Given entries START
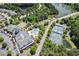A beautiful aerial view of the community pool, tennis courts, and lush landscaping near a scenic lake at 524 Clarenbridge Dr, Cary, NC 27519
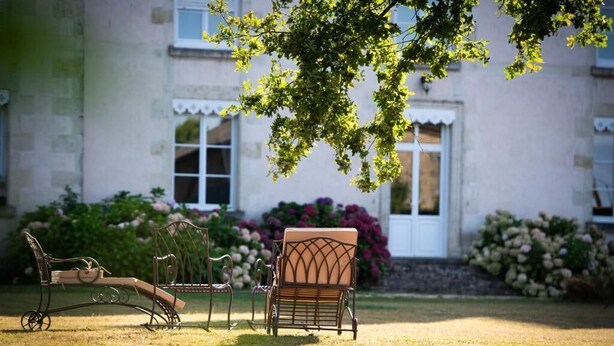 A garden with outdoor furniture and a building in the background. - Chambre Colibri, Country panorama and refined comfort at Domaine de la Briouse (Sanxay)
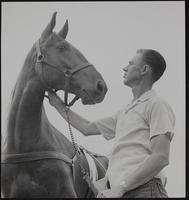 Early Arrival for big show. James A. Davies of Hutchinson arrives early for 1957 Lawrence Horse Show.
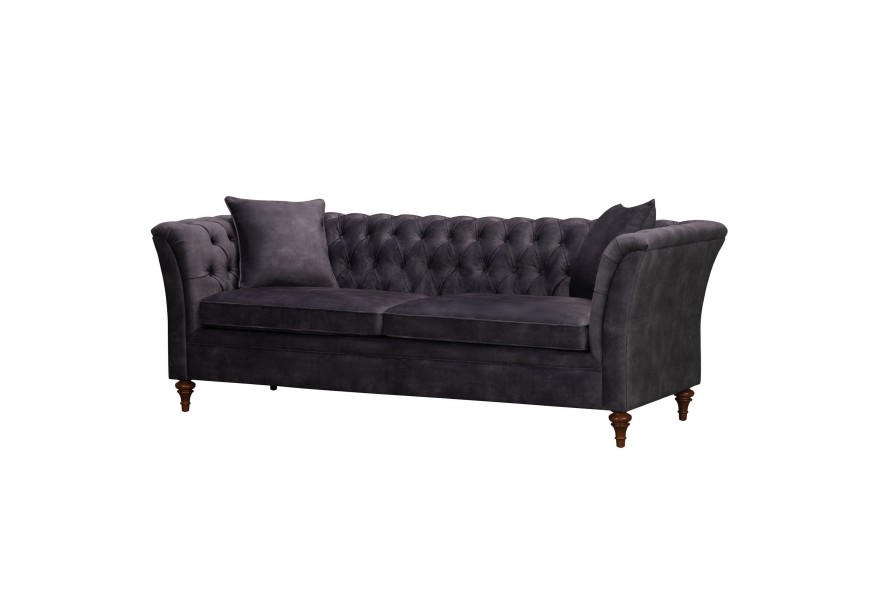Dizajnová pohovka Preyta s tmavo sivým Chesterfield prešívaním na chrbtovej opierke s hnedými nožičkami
Given entries END
Given entries START
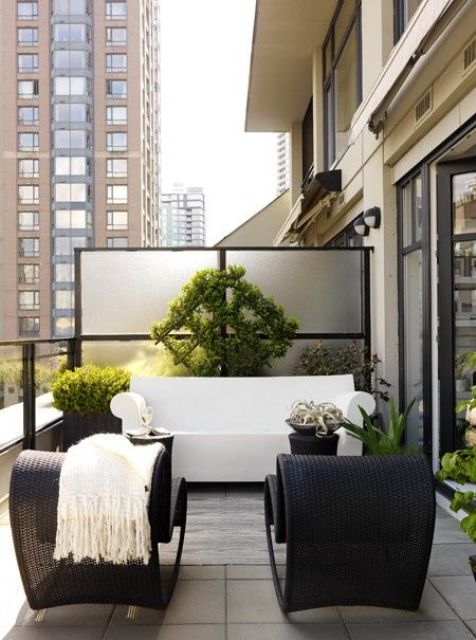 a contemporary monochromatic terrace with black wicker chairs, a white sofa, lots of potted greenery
Given entries END
Given entries START
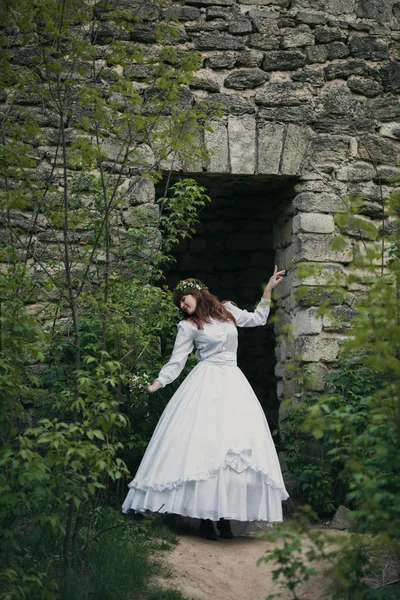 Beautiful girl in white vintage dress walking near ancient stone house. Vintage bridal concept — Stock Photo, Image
Given entries END
What the exercise asks - Leaving every picture aside, reproduce exactly the lines above from the one with "A beautiful aerial" up to and including the one with "Dizajnová pohovka Preyta", and no others.

Your response -
A beautiful aerial view of the community pool, tennis courts, and lush landscaping near a scenic lake at 524 Clarenbridge Dr, Cary, NC 27519
 A garden with outdoor furniture and a building in the background. - Chambre Colibri, Country panorama and refined comfort at Domaine de la Briouse (Sanxay)
 Early Arrival for big show. James A. Davies of Hutchinson arrives early for 1957 Lawrence Horse Show.
Dizajnová pohovka Preyta s tmavo sivým Chesterfield prešívaním na chrbtovej opierke s hnedými nožičkami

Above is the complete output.